About this task:
Please copy each line of the listing below precisely, excluding the images.

Data provided:
------------------------------------------------------------

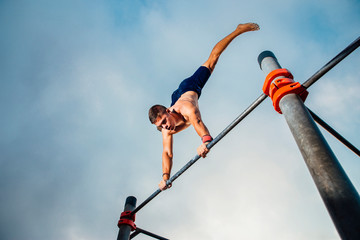 fitness, sport, training, calisthenics and lifestyle concept - young man exercising handstand on...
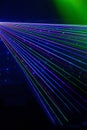 Bright nightclub red, green, purple, white, pink, blue laser lights cutting through smoke machine smoke making light patterns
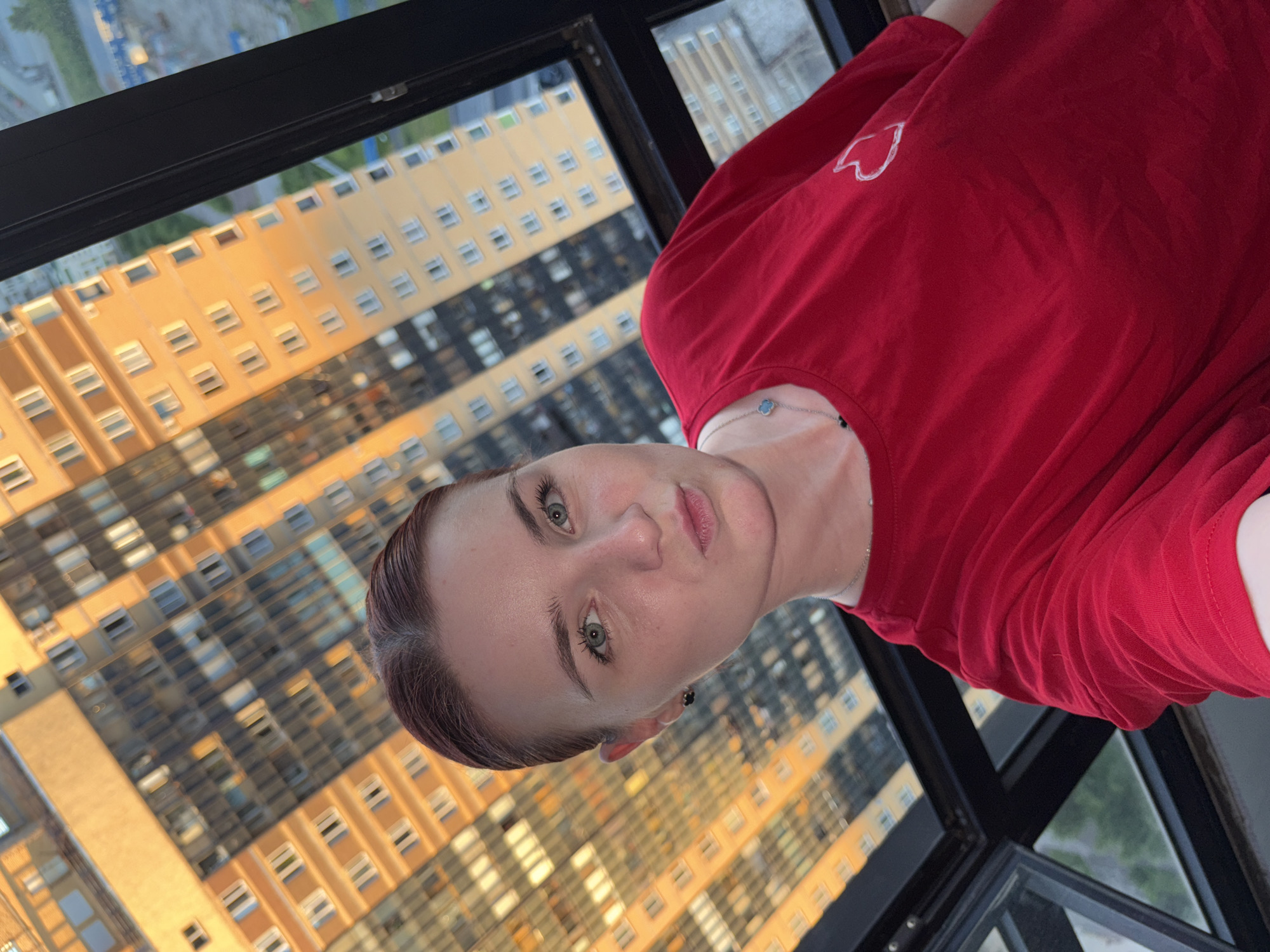 An adult female with auburn hair pulled back is taking a selfie. She is wearing a bright red t-shirt with a small white heart design on the left breast. She has green eyes and is puckering her lips. She is wearing small black earrings and a thin silver necklace with a blue quatrefoil pendant. The background consists of a blurred cityscape with tall, modern residential buildings, some illuminated by golden hour sunlight. The scene appears to be indoors, possibly on a high floor with a large window or glass enclosure. The overall impression is a casual, personal photograph taken from a high vantage point in a city.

------------------------------------------------------------

Written reply:
 fitness, sport, training, calisthenics and lifestyle concept - young man exercising handstand on...
 Bright nightclub red, green, purple, white, pink, blue laser lights cutting through smoke machine smoke making light patterns
 An adult female with auburn hair pulled back is taking a selfie. She is wearing a bright red t-shirt with a small white heart design on the left breast. She has green eyes and is puckering her lips. She is wearing small black earrings and a thin silver necklace with a blue quatrefoil pendant. The background consists of a blurred cityscape with tall, modern residential buildings, some illuminated by golden hour sunlight. The scene appears to be indoors, possibly on a high floor with a large window or glass enclosure. The overall impression is a casual, personal photograph taken from a high vantage point in a city.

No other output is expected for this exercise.